Eight views: the evolving structure of a small 10Mpc region of cosmic space is visualized from TNG100-1. Each view shows a different output of the simulation (from left to right, top): gas matter density, dark matter density, stellar mass, magnetic field strength, (bottom) gas temperature, gas metallicity, the velocity field of the gas, and column density of OVI - the fifth ionization state of oxygen (O5+). Each view shows the same region of space, all of these components co-evolving together as the simulation runs. (01:37) [4K version]

S. Genel

Formation of a massive "late-type", star-forming disk galaxy: an individual system is tracked through time, and its stellar light is shown in a 500 kilo-parsec region. This galaxy exhibits rapid ongoing star formation in an extended, clumpy disk, until it experiences a late-time merger (at approximately z ~ 0.3) with a nearly equal mass companion. (01:24)

S. Genel

Formation of an "early-type", quiescent elliptical galaxy: an individual galaxy is tracked through time, and its stellar light is shown in a 1 mega-parsec region.

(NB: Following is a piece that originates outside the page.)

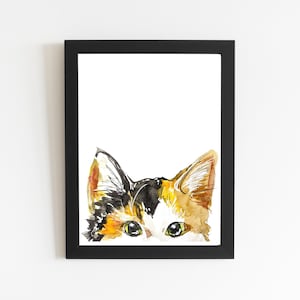 Calico Cat Art Print, Physical Art Print, Cat Lover Home Decor, Pet Wall Art, Peek a Boo Cat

Between the start of the movie at high redshift and the end at z=0 (present day), this massive "red-and-dead" galaxy experiences a large number of galaxy mergers which bring in stars and other material, building up the final spheroidal morphology. (02:23)

F. Marinacci

The most massive cluster of TNG300 at z=0 (with a halo mass of ~ 1015 times the mass of the sun). Fixed in time, the video slowly rotates in space to show the structure from different view points. Each of the four panels shows the same predicted X-ray emission (in background color), while the overlaid contours show the predicted synchrotron emission, as would be observed by one of four radio telescopes: VLA, LOFAR, ASKAP, or SKA. (00:32)

M. Vogelsberger

Full simulation cubes of TNG300 (on the top) and TNG100 (on the bottom), showing dark matter, gas temperature, and magnetic field strength, all at the present day (z=0). Fixed in time, the movie shows the full matter distribution being built up by slowly adding slices from the bottom of each cube to the top. (00:58)



Additional Images and Videos:

Check back soon!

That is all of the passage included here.